> _Work item_
Look through the lines of the material and count those containing "Apartment". Give that count alone.

> _Supplied material_
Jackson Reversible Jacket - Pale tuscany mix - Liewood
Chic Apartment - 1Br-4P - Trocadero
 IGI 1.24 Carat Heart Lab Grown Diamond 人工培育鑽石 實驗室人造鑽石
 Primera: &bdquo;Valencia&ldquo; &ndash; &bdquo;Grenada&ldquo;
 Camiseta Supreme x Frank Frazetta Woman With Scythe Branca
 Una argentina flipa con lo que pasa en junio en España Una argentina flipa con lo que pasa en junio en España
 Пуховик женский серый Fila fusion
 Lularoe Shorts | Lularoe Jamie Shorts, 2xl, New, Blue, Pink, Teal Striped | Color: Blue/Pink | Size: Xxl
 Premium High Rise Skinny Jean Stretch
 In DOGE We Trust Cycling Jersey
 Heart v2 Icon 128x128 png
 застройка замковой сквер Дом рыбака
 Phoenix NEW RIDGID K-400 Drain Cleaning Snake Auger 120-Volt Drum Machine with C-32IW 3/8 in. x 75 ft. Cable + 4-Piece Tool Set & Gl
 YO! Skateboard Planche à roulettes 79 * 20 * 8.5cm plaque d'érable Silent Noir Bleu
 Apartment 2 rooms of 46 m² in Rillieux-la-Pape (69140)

> _Written response_
2